We have also planted a 2 ac plot of alfalfa that we will plow under come fall for soil biomass. The only problems with alfalfa is if you have a large deer herd they will mow the alfalfa down and it will never bloom. Alfalfa also will weevils If you spary while in bloom you can kill out your hives I jut let it go what makes blooms fine what dont o'well.

We planted the last 2 ac's in wild flowers. This is in strip planting along both sides of our 1/4 mile diveway along the fence rows and around the barn. 

This all goes along with the normal plants that we have and any sourwood that will bloom out. 

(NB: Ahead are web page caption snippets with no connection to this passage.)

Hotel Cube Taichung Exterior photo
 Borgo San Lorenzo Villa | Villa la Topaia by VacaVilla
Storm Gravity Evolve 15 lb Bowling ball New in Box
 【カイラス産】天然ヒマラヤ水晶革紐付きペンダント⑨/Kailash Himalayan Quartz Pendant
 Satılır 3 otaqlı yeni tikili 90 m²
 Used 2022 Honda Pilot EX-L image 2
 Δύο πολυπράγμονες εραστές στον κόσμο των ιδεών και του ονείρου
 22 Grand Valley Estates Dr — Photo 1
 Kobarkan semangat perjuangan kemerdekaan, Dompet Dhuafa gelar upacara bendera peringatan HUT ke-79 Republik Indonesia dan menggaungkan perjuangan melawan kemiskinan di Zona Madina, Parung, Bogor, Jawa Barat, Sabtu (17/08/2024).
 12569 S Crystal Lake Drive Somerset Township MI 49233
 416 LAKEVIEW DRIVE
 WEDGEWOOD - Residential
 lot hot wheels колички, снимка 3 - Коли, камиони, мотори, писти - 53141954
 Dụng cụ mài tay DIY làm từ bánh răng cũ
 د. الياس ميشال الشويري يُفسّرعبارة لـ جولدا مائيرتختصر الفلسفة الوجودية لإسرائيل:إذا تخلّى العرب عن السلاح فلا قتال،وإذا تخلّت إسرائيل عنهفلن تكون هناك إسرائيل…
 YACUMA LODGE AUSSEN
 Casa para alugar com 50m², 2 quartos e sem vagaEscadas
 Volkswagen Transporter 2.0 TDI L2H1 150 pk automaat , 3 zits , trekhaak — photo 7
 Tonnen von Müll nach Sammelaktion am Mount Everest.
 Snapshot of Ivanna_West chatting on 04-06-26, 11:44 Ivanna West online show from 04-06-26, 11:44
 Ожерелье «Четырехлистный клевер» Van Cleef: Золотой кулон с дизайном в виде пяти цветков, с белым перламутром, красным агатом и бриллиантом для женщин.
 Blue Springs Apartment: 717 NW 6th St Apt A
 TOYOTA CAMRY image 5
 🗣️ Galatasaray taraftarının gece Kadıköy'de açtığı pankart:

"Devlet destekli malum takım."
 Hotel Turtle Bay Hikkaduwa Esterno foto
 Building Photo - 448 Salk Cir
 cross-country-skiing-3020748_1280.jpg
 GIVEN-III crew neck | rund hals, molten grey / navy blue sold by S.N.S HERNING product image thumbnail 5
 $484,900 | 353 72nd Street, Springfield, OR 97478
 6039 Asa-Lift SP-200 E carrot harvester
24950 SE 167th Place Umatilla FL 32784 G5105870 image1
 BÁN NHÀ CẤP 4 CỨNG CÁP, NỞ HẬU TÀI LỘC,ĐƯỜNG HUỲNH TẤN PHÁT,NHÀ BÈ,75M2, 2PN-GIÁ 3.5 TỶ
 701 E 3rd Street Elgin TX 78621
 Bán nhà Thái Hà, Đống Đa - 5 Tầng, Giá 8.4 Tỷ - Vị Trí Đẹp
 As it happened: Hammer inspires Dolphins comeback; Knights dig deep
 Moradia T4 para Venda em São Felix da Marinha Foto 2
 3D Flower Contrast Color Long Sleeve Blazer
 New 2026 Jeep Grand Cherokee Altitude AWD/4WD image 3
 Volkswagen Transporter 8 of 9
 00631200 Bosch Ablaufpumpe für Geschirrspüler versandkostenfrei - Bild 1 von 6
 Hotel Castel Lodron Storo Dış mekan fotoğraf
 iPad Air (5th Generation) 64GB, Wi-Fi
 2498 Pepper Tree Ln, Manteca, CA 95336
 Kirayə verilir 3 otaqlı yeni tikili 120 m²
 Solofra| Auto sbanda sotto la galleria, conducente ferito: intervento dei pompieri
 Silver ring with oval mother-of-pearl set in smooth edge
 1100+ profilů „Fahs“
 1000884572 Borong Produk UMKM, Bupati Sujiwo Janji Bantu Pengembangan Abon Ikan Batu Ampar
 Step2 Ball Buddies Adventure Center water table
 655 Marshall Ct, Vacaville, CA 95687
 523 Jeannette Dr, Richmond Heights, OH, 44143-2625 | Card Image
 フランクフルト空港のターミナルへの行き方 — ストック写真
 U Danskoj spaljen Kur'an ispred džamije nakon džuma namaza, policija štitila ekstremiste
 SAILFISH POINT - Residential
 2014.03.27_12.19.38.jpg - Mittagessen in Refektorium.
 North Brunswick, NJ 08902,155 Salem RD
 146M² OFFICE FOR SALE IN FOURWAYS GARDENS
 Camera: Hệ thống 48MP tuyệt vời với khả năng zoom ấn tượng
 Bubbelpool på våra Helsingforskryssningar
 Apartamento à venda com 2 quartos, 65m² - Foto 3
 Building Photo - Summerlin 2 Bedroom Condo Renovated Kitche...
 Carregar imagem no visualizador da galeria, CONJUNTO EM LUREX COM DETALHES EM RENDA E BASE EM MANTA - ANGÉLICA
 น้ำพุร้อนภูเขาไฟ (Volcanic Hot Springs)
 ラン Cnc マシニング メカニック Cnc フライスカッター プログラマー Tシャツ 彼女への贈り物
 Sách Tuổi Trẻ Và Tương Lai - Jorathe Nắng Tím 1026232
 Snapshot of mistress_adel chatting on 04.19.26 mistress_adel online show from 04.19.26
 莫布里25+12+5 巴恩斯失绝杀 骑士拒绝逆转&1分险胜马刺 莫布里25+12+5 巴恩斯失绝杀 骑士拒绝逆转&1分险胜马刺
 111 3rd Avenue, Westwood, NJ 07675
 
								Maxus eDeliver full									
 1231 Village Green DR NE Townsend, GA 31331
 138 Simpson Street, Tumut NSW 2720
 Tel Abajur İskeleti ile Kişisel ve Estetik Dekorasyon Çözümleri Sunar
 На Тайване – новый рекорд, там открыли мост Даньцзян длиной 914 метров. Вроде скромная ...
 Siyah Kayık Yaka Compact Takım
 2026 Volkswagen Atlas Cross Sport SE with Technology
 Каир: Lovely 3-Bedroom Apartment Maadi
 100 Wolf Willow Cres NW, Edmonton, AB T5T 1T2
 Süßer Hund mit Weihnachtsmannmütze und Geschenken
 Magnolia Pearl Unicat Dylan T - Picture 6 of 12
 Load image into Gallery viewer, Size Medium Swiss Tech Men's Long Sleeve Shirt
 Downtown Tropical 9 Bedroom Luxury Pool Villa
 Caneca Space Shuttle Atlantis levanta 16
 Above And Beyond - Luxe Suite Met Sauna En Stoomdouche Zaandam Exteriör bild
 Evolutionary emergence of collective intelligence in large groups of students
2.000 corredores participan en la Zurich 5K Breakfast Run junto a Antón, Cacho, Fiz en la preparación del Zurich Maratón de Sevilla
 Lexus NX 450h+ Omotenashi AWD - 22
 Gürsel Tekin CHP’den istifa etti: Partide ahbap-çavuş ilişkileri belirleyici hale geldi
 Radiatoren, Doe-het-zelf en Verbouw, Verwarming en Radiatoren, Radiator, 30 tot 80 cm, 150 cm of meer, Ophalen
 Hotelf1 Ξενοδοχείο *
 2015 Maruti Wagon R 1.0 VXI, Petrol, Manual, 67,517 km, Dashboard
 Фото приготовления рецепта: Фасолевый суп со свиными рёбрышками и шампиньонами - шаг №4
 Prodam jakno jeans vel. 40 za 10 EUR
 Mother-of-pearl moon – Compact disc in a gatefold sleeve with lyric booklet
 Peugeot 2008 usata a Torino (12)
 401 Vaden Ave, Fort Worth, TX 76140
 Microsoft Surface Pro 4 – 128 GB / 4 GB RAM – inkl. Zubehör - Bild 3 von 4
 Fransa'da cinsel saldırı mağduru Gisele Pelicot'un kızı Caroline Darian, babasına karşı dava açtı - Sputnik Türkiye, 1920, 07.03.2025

I hope this helps out its starting to get a little late to get a good clover stand started for 2007 but your on the right track.


----------



## Oldbee (Sep 25, 2006)

For information about flowers and other "native" plants for your area that may be good for honey bees; try: www.plantnative.org , for addresses, phone numbers, catalogues and links.


----------



## DANIEL QUINCE (Jan 15, 2006)

*Tree*

If you are also considering trees, I've got a "word" file that will give you honey production per hectar. I can e-mail-it.


----------



## Ben Brewcat (Oct 27, 2004)

Be sure to talk to your local beeks and clubs. The answer to your question depends more on your location, soil, moisture etc. than it does on our collective experience . Things to think about would be: is there a dearth in your area that you could plant something to fill in (find a plant's bloomtime that would fill the hole)? How much work are you willing to do with the plants; would you till and replant annuals each year and do soil amendments, or would you prefer low-maintenance perennials?

That said, mints are tough and good nectarmakers. Get a variety... you can mix the tiny seeds into sand or something to act as a "carrier" for planting more easily. Even better, mix some thyme, basil, anise hyssop, horehound and oregano into the mix, and put a few Catalpa, honey or black locust, basswood/linden or other regionally appropriate trees in per acre. Add some butterfly bush or other medium-height plants if you like. 

Not that I've spent much time fantasizing about what I'd do if I had 12 acres to play with


----------



## BeeAware (Mar 24, 2007)

Anise Hyssop is a good honey plant as well as mountain mint, vitex negundo (shrub), Tulip Poplar tree, Basswood and sourwood trees are excellent.


----------